La cantante risponde a chi l'ha accusata di aver organizzato un festival edulcorato

"L'associazione 11 Agosto ci critica? Per me è triste. Se vedono i miei social vedono mie foto di manifestazioni contro la guerra: non da oggi, ma da 30 anni. Serve un po' di rispetto. Io vivo in Israele, con una situazione difficile: il mio cuore è spezzato ogni giorno, ma io continuo a lavorare per la pace. Allora dico a tutti: lavorate con noi, non contro di noi, per cambiare la situazione". Lo ha detto la cantante israeliana e attivista Noa in occasione del festival Re-Imagine Peace a Firenze, rispondendo alle critiche dell'associazione fiorentina 11 Agosto e del gruppo 'L'ultimo giorno di Gaza' che ieri hanno criticato il festival per il suo carattere troppo "edulcorato".

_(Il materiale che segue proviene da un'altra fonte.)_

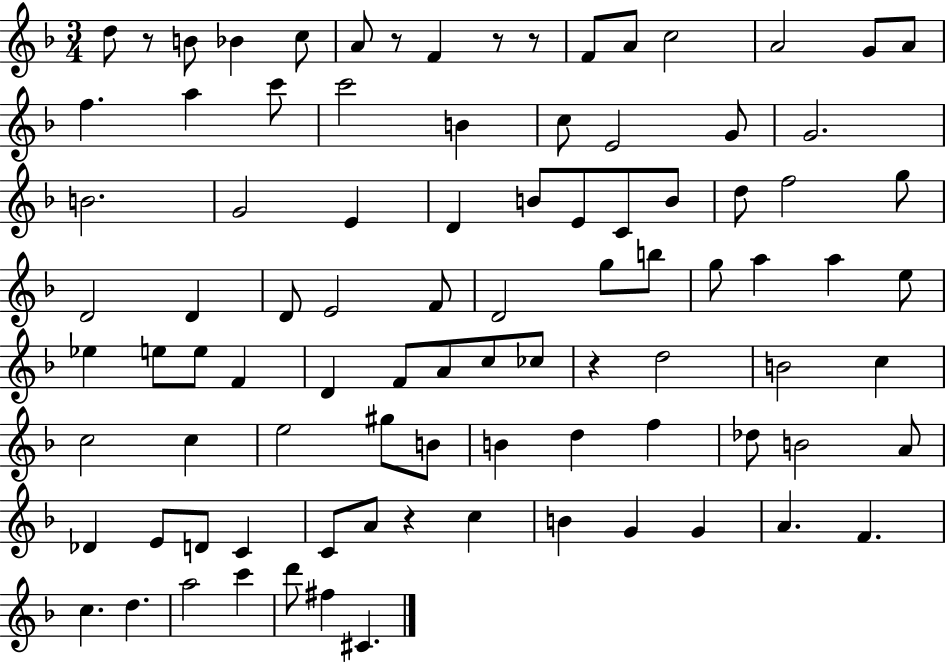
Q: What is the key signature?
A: F major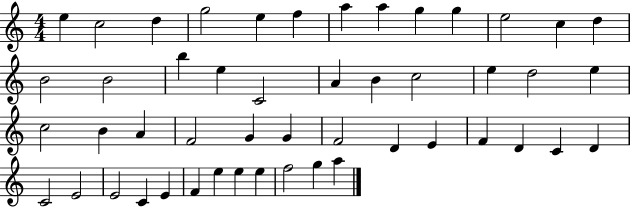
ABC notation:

X:1
T:Untitled
M:4/4
L:1/4
K:C
e c2 d g2 e f a a g g e2 c d B2 B2 b e C2 A B c2 e d2 e c2 B A F2 G G F2 D E F D C D C2 E2 E2 C E F e e e f2 g a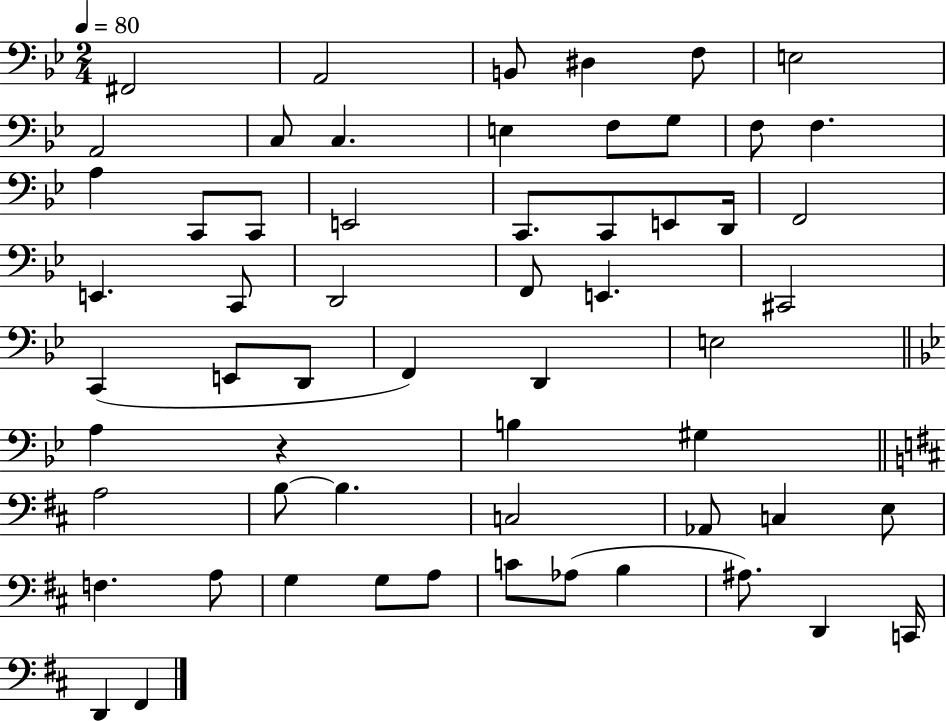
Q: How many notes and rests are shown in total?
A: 59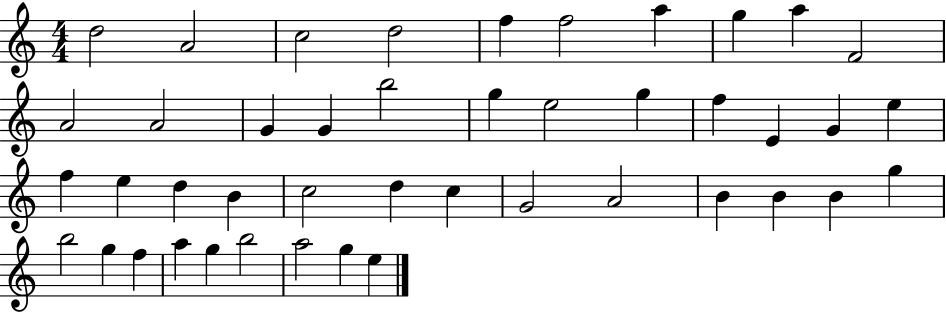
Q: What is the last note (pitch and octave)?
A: E5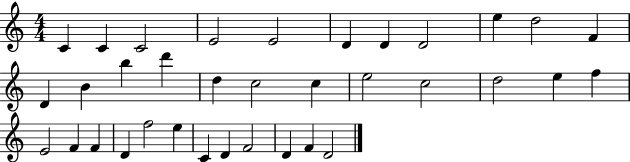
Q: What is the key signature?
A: C major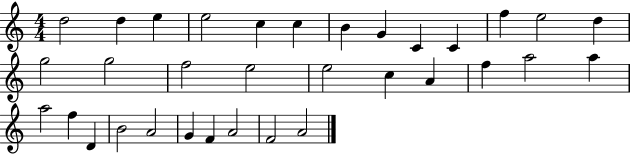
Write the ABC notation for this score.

X:1
T:Untitled
M:4/4
L:1/4
K:C
d2 d e e2 c c B G C C f e2 d g2 g2 f2 e2 e2 c A f a2 a a2 f D B2 A2 G F A2 F2 A2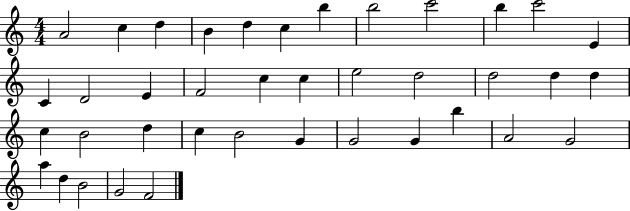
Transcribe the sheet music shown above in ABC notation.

X:1
T:Untitled
M:4/4
L:1/4
K:C
A2 c d B d c b b2 c'2 b c'2 E C D2 E F2 c c e2 d2 d2 d d c B2 d c B2 G G2 G b A2 G2 a d B2 G2 F2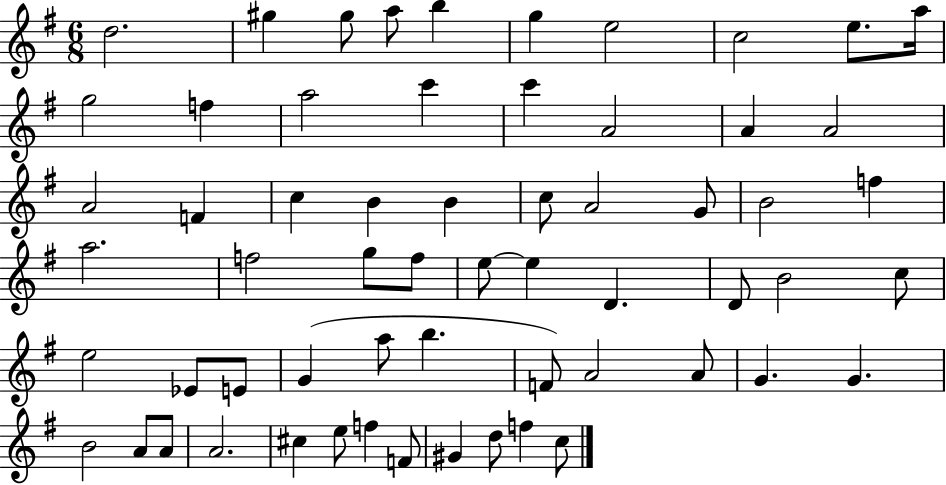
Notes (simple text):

    "Viviamo in un mondo polarizzato dove il nemico fa paura e il nemico è la deumanizzazione - ha aggiunto -. Non conosco l'altro e allora non lo vedo, non ascolti le sue storie, non conosci il suo dolore: allora è molto facile deumanizzare e da qui la strada verso la violenza è molto corta. In questo festival ci sono persone con posizioni radicali, con cui non sono d'accordo: ma io ascolto, rispetto e trovo un posto comune. Ogni persona - dai giornalisti, ai politici - ha la responsabilità di fare qualcosa. Non si può dire che è finito il mondo: noi abbiamo la possibilità di cambiare il mondo, dobbiamo iniziare oggi".